O arguido ainda não foi julgado e já está condenado: a juíza aplica-lhe uma multa, logo a abrir a sessão, por não ter aparecido no próprio julgamento. Carlos faltou sem avisar e acaba julgado à revelia por ter furtado roupa de uma loja do Centro Comercial Vasco da Gama. Ainda assim, o tribunal parece ter dúvidas sobre os verdadeiros contornos do crime.

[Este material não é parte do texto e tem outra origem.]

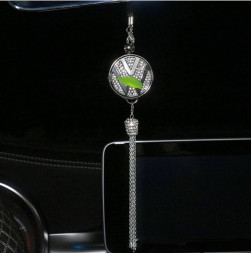 Подвески на зеркало заднего вида для освежителя VW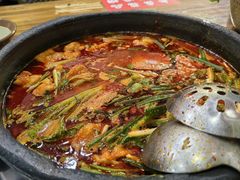 -笔记安顺夺夺粉火锅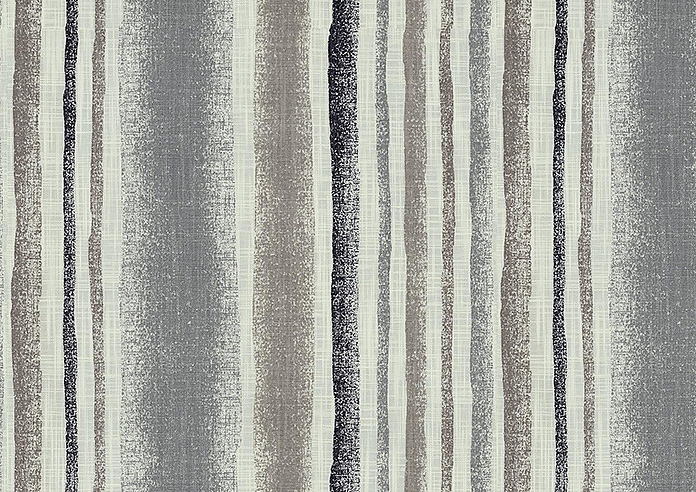 Guarda Stripe, Grey - Twist&Fit Roman Blind - Image 7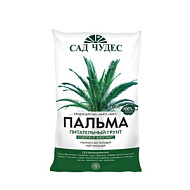 Грунт САД ЧУДЕС Пальма 5л  /5/385
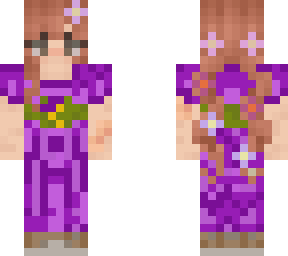elain wedding skin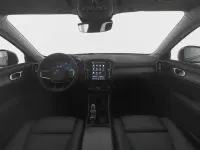 Gebraucht Volvo XC40 Ultra 163 PS (119 kW) 2025 Blau SUV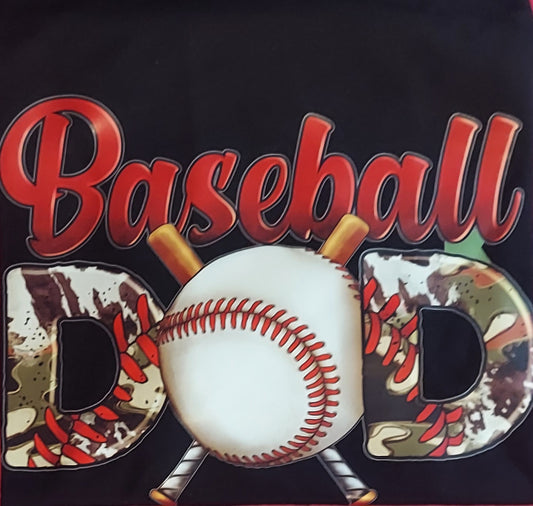 T-shirt Baseball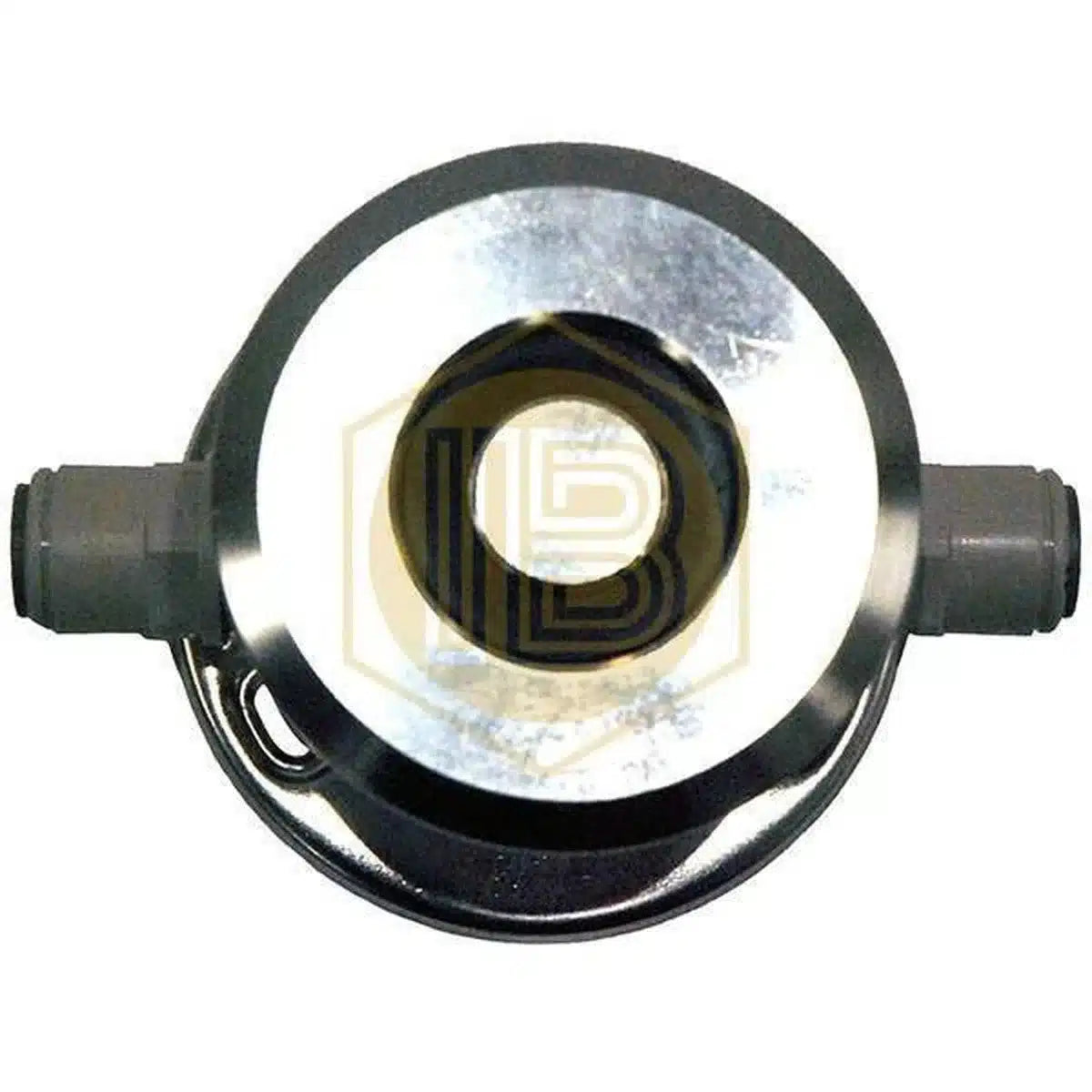 Cabezal de autolimpieza tipo A con John Guest-Install Beer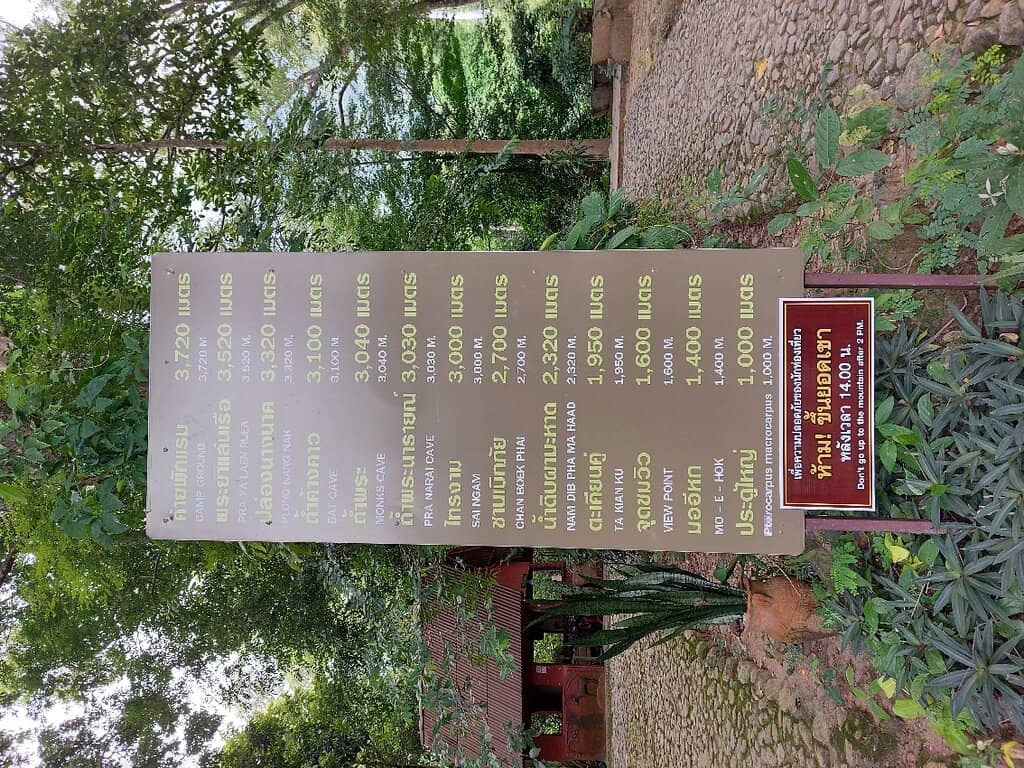 Na Rai Peak
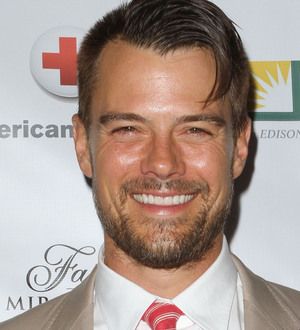 Josh Duhamel backs pet adoption scheme
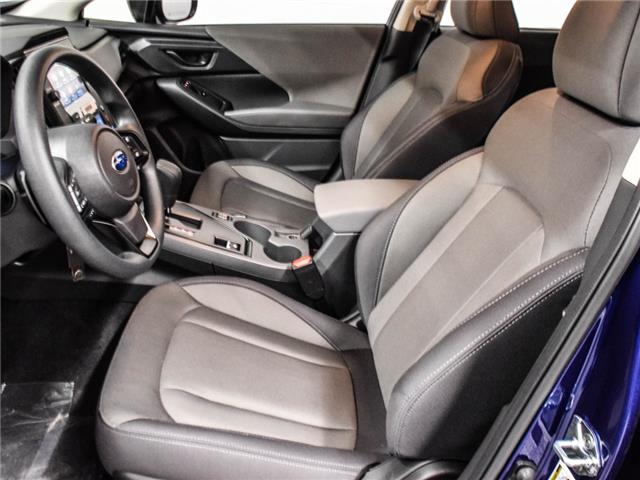 2026 Subaru Crosstrek Convenience AWD (Stk: 260092) in North York, - Image 12 of 27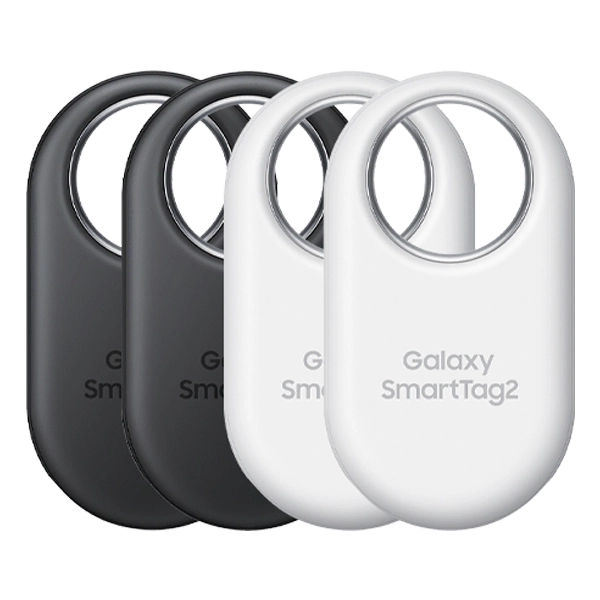 Galaxy Smarttag2 גלקסי טאג 2 מקורי למציאת חפצים בקלות חבילת רביעייה 1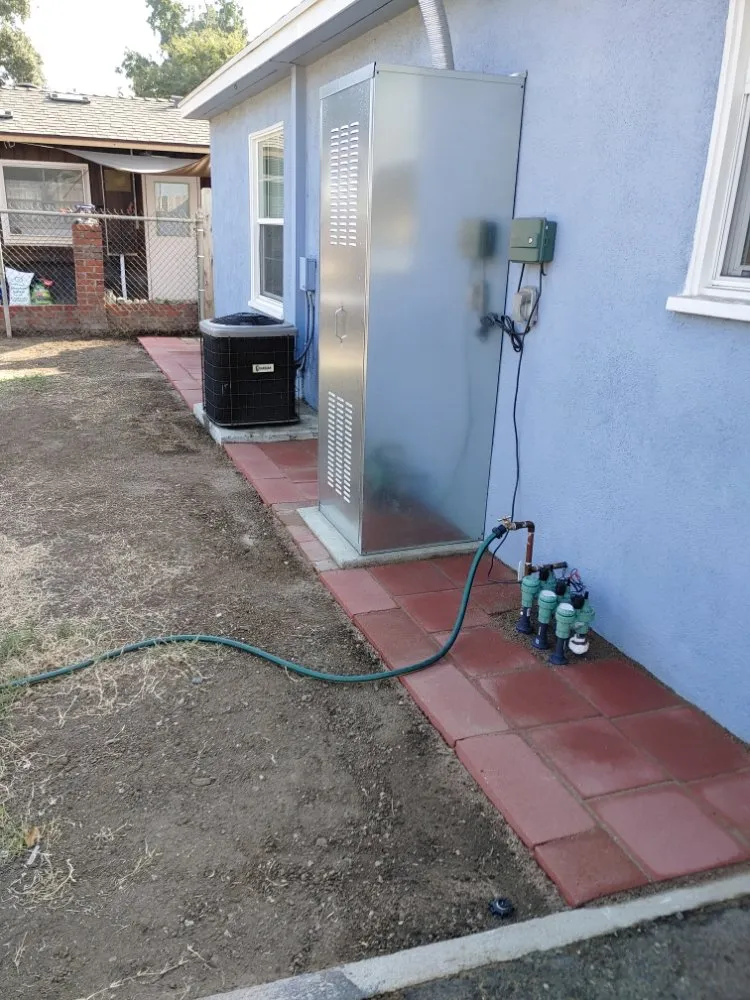 Reliable emergency plumbing service in San Dimas, CA - Handyman Jack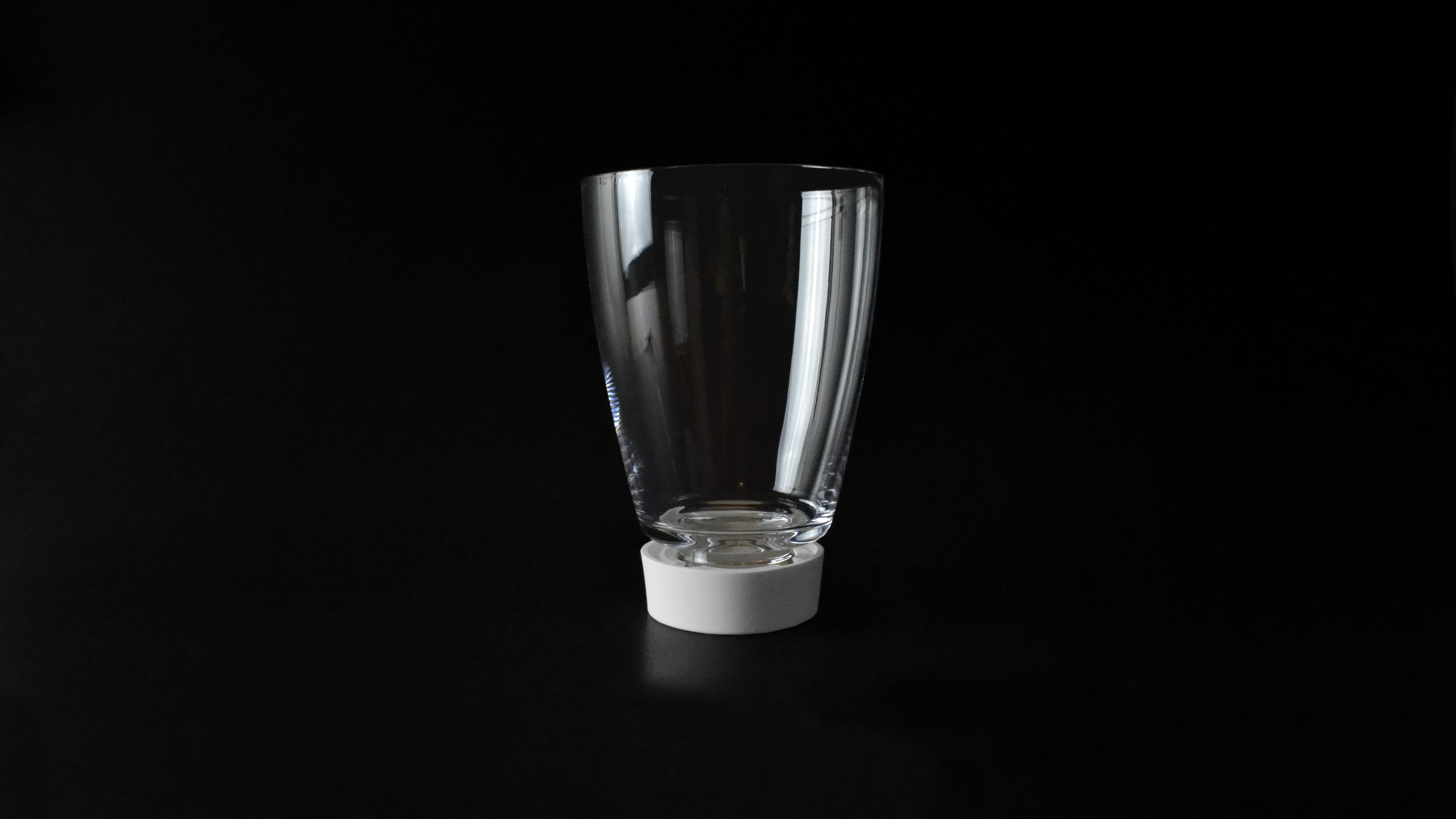 Re-COASTER<br />- White -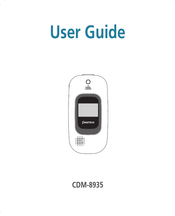 Pantech CDM-8935 User Manual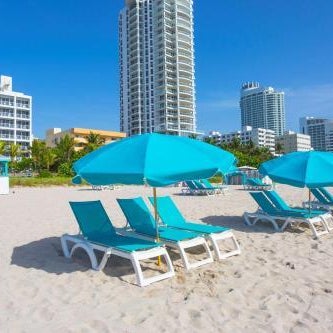 Best Western Plus Atlantic Beach Resort Thumbnail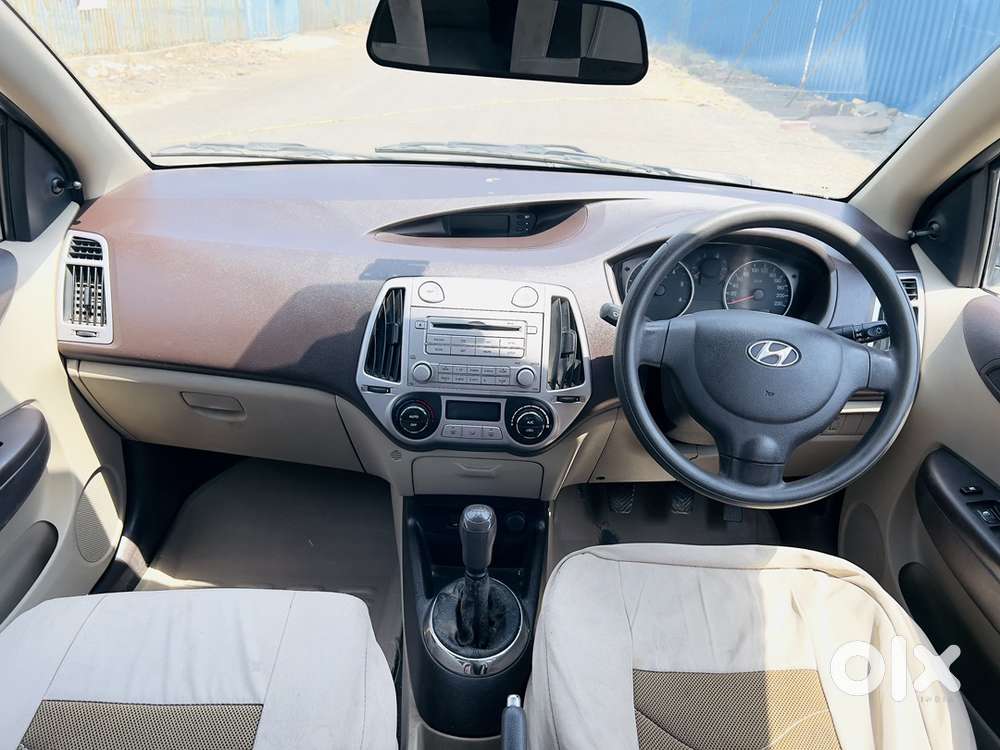 Hyundai Car Diesel 2012 Very Good Condition
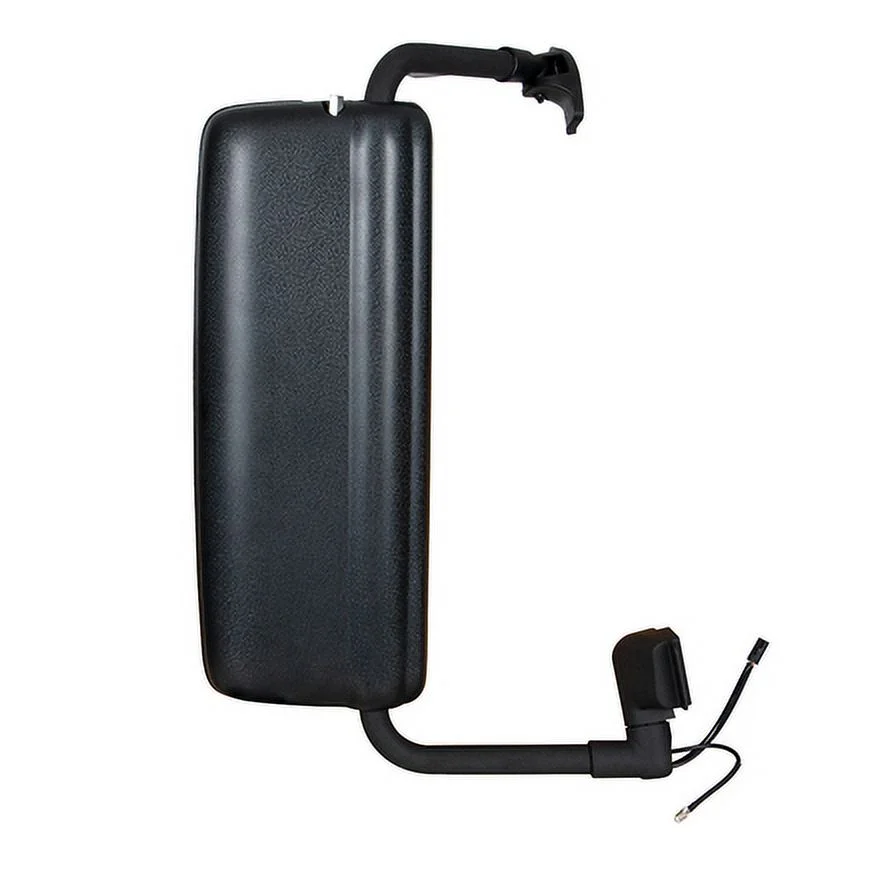 United Pacific 42831 Door Mirror   Rh, Assembly, Black, Heated, For 2004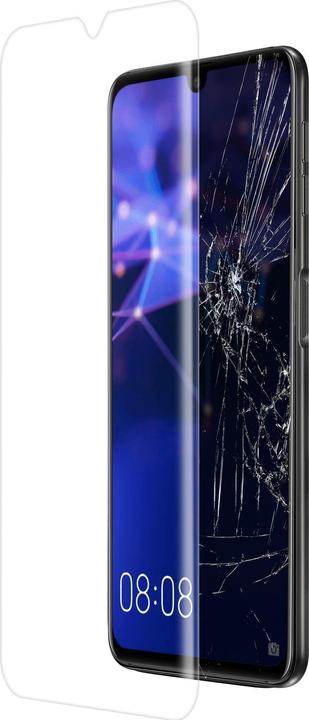 Produktbild Cellularline Shape DisplaySchutzglas für Honor Smart (1 Stück, Honor 10 Lite, Huawei P Smart (2019))
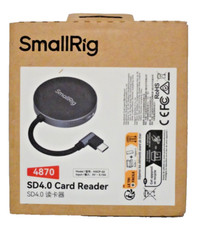 Smallrig ultra fast for sale  Brooklyn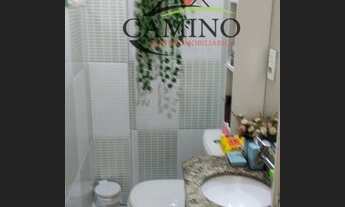 Imagem 14: Casa Sobrado para Venda em Vila Santa Rosa Guarujá-SP - 2445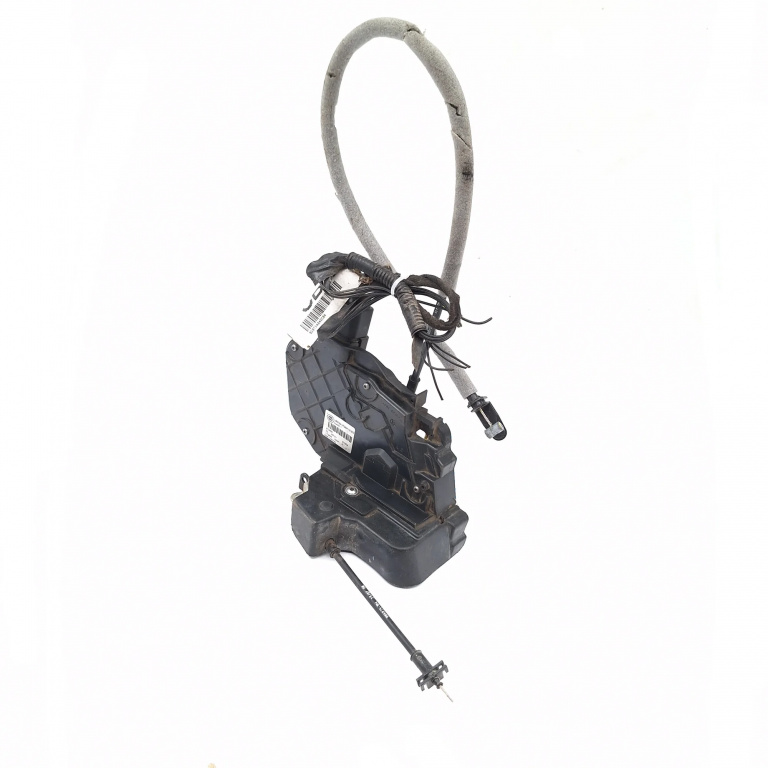 Broasca Usa Dreapta Spate Ford Galaxy (Wa6) 2006-2015 6M2Ar26413Ec, A048317, 970355, 014521701, 1452169 Tyco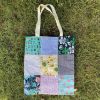 Imagen de Tote bag patchwork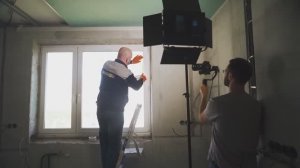 СТРОЙХАУС РУС на НТВ в программе «Квартирный Вопрос» 26.06.2021 выпуск №733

G. das Dores, o vigilante que estava de serviço, confessa que já conhecia o suposto ladrão. “É um senhor que tem causado bastante prejuízo à loja”, começa por contar à juíza. O modus operandi nunca varia: Carlos escolhe uma série de peças, entra nos provadores – o único sítio da loja onde não há câmaras –, embrulha cuidadosamente as etiquetas em papel de alumínio para não darem sinal à saída e, a seguir, veste a maior quantidade de roupa possível. Camisas em cima de T-shirts, camisolas sobre polos, calções debaixo de calças e chapéus por baixo de outros chapéus. Sobreposição sobre sobreposição, abandona a loja tranquilamente e sem levantar suspeitas – ainda que aparente ter engordado pelo menos dez quilos em menos de dez minutos.
Só que, há umas semanas, o plano deu para o torto. Carlos entrou na loja, escolheu camisolas e calções – já sob o olhar desconfiado de G. das Dores – e dirigiu-se aos provadores. Só no interior, frente aos espelhos, percebeu que se tinha enganado nos números das peças. A roupa não lhe servia. Ainda tentou encolher a barriga, fez contorcionismo chinês, inspirou fundo como se estivesse numa aula de ioga. Mas a roupa simplesmente não servia.
“E olhe, sotora juíza… quando saiu dos provadores, saiu disparado da loja a correr, com os artigos na mão. Ora… eu fui a correr atrás dele e ele, quando me viu, atirou as peças de roupa para o chão. Caíram dentro da loja. Continuei a persegui-lo, agarrei–o, trouxe-o de volta para a loja e chamei a PSP”, continua a explicar o segurança.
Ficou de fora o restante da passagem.